* _PROBLEM_:
Your answer should be the lines below from the one with "Smiling driver sitting" to the one with "A two-story house", both included, given again exactly and with nothing added.

* _AVAILABLE DATA_:

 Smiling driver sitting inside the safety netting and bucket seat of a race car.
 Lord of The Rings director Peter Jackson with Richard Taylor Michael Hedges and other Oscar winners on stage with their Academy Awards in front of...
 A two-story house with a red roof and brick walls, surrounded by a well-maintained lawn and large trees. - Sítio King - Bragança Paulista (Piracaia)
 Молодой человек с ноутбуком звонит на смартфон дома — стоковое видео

* * *

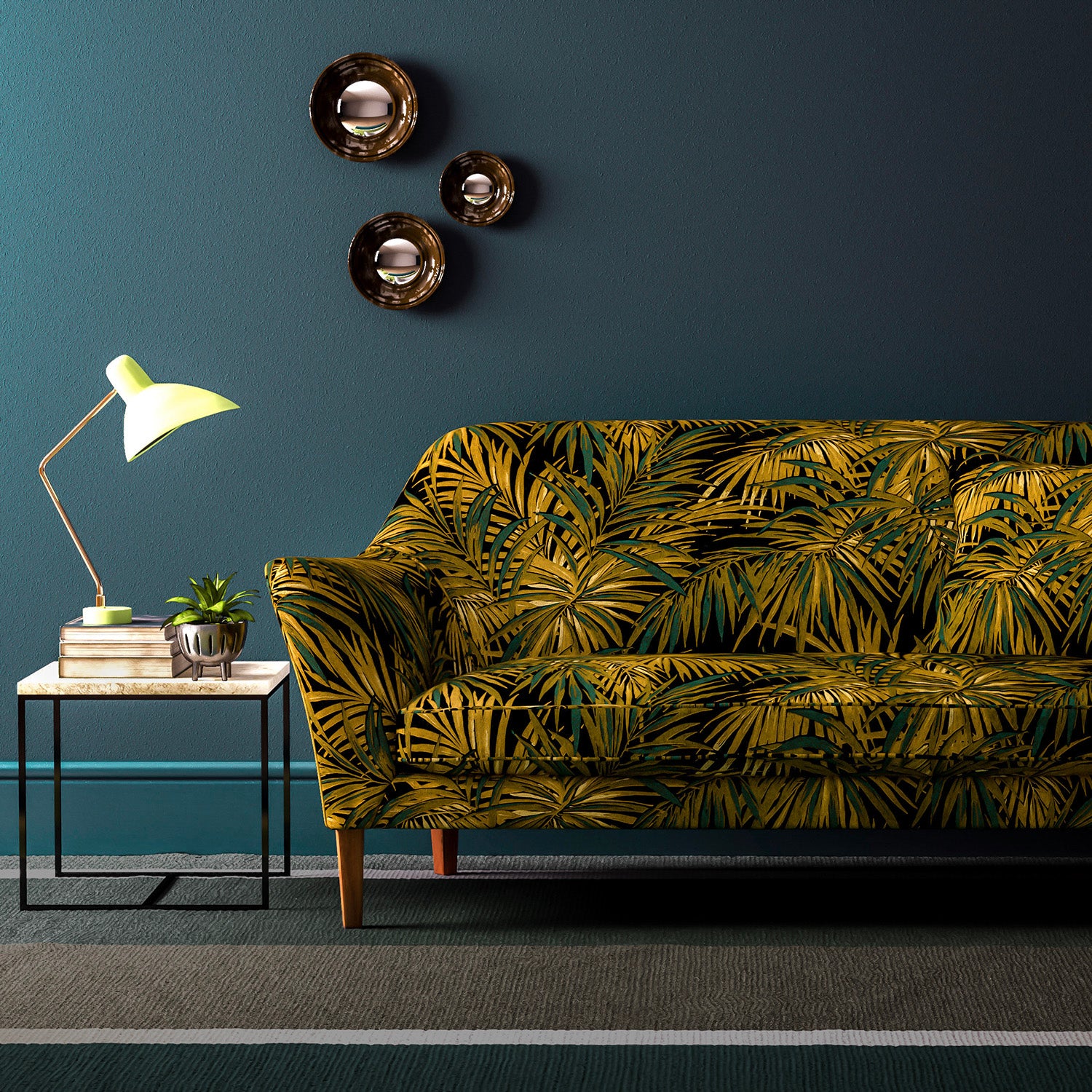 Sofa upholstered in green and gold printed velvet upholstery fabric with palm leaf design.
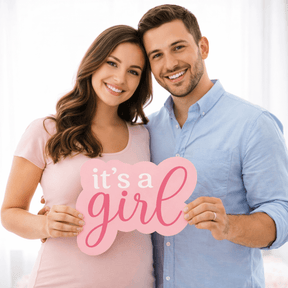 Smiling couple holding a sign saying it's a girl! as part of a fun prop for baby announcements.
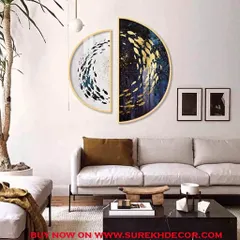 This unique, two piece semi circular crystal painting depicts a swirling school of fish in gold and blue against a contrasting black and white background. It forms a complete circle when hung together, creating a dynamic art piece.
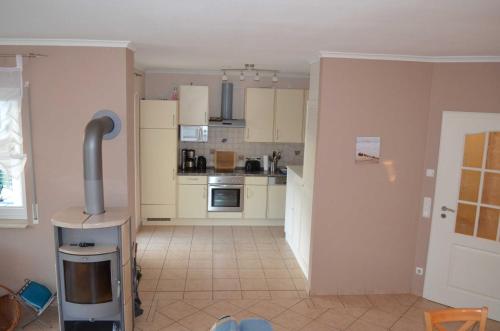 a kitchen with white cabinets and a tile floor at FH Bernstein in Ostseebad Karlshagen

* _TASK OUTPUT_:
 Smiling driver sitting inside the safety netting and bucket seat of a race car.
 Lord of The Rings director Peter Jackson with Richard Taylor Michael Hedges and other Oscar winners on stage with their Academy Awards in front of...
 A two-story house with a red roof and brick walls, surrounded by a well-maintained lawn and large trees. - Sítio King - Bragança Paulista (Piracaia)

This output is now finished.